Pero antes de que me contestase, pude verlo yo mismo.

Martín apareció por la puerta de la sala del café con un aspecto penoso. Estaba mal de cojones. Daba grima sólo con verlo andar.

—Gorka, el jefe quiere verte —dijo Martín, completamente derrotado.

Gorka me miró con un gesto parecido a la ira, soltó su taza de café y salió de aquella sala.

—Tranquilo, Gorka —le dije—. Hablaré con el jefe y lo aclararé todo.

Pero Gorka siguió andando sin mirarme a la cara. 

Esperé un par de segundos antes de asomarme al pasillo y comprobar que entraba, con la cabeza gacha, en el despacho de ese demonio desalmado que firma las nóminas.

Me volví hacia Martín.

—¡¿Qué coño haces aquí?! —le dije, notablemente irritado.

Martín se encogió de hombros.

Yo lo imité.

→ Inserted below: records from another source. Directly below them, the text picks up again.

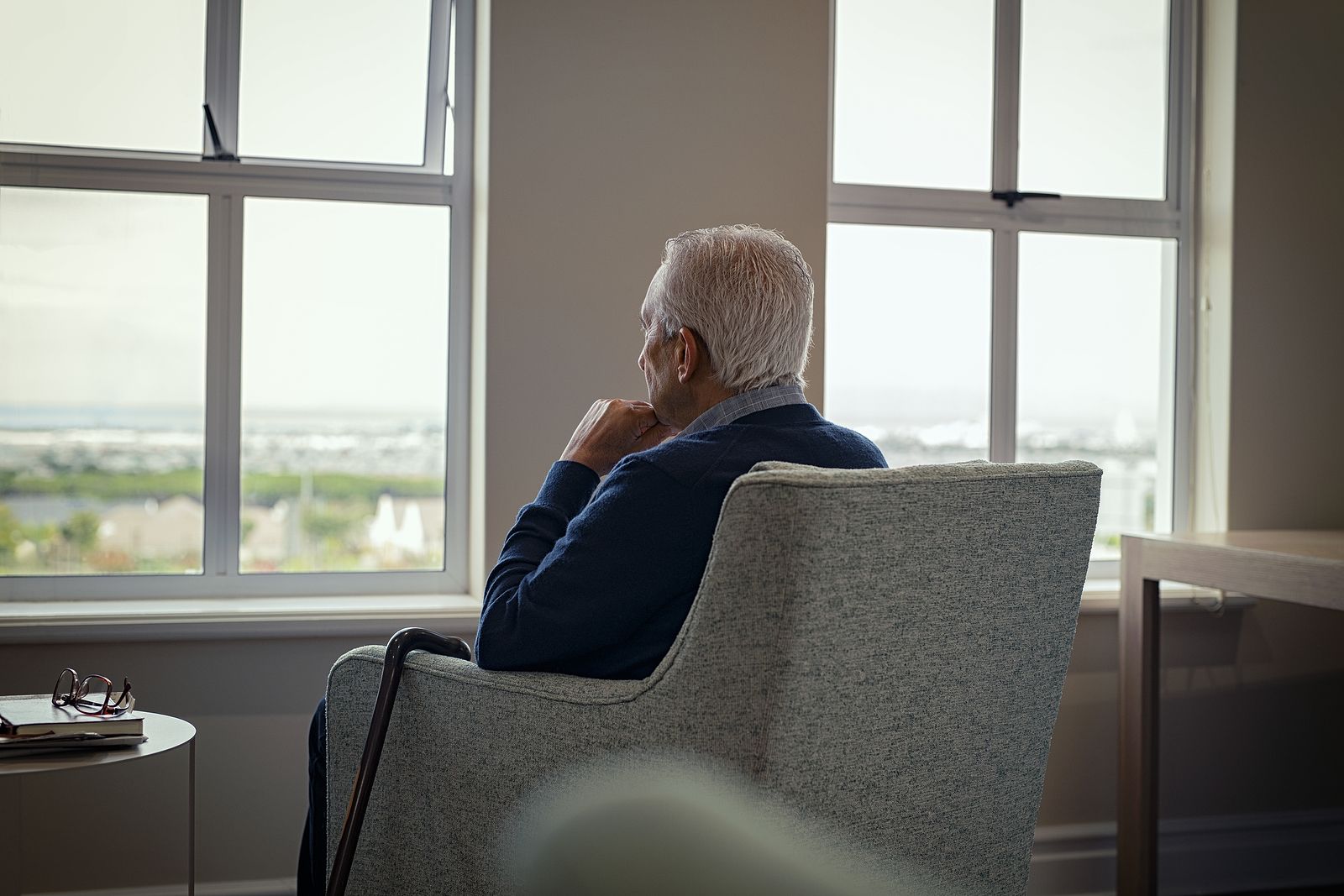 La ciencia lo confirma: este es el 'efecto secundario' de la soledad en la salud cerebral. Bigstock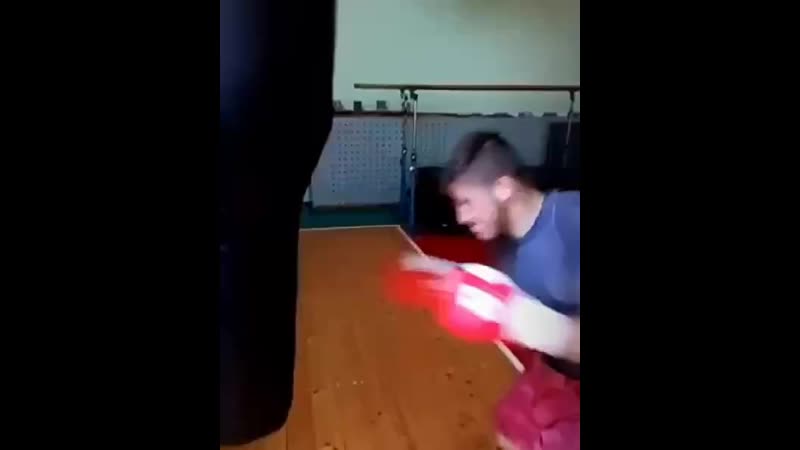VID_21030627_174633_943.mp4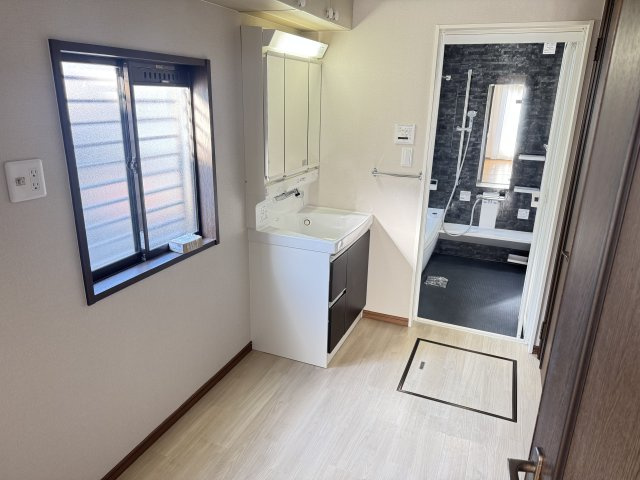 焼津市　三ケ名　中古住宅　４SLDKの独立洗面台
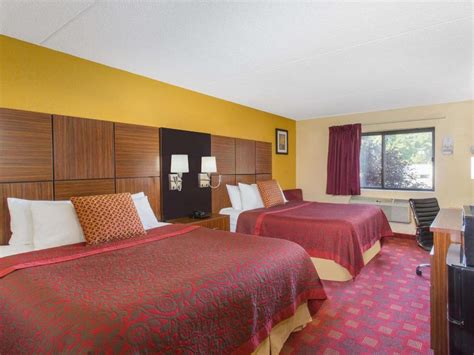 Best Price on Days Inn by Wyndham Leominster/Fitchburg Area in ...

Puse cara de bobo y comencé a encogerme de hombros burlonamente.

—¿Eso es todo? —le dije mientras seguía imitándole. 

Negué con la cabeza y lo miré de arriba a abajo. Me apetecía pegarle una buena a ese hijoputa. Había jodido a Gorka y me iba a joder a mí también. 

Justo cuando iba a seguir gritándole, pude ver la desesperación en su cara.

—Tenía miedo —se limitó a decir.

Yo respiré hondo para tranquilizarme.

—¿Miedo de qué, Martín? —le pregunté.

—Miedo a todo —se abrazó a sí mismo, como si hiciese mucho frío—. A la rata, a las huellas, a mi ducha, a perder mi trabajo… A mi aspecto, mi salud, sobre todo la mental… No puedo permitirme perder mi trabajo. He renunciado a mis días libres porque no puedo perder mi trabajo.

Su agobio me agobió.

—¡Nadie pierde el trabajo por dos días libres! —le dije—. Vamos por partes, ¿quieres? Hoy llamarás a un fontanero. Hoy mismo, pedirás cita con tu médico. Esta tarde arreglaremos todo, Martín.

Asintió como un niño asustado.

—Yo me encargaré de atender al fontanero —continué—. Sólo tienes que procurar dejarme la pasta para pagar a ese capullo. Tú irás al médico, le dirás que estás hecho un asco y que necesitas que te dé de baja.

—No haré eso. No quiero perder mi trabajo.

—¡No vas a perder tu trabajo, joder! —le dije—. Deja de decir que perderás tu trabajo. Soy abogado y sé lo que me digo: nadie va a perder su trabajo por esta gilipollez. 

Me acerqué a él. Olía peor que la última vez.

—Te darás una ducha y te irás al médico —le dije.

—Mi ducha sigue rota.

Negué con la cabeza.

—Vale, socio —le dije—. Pues te pondrás perfume y te irás al médico. Yo me encargo de buscar un fontanero para esta misma tarde.

—Gracias. Llamaré al médico después de tomarme el café.

—Llamarás al médico en este mismo instante —le dije, mientras buscaba en mi móvil el teléfono de un fontanero.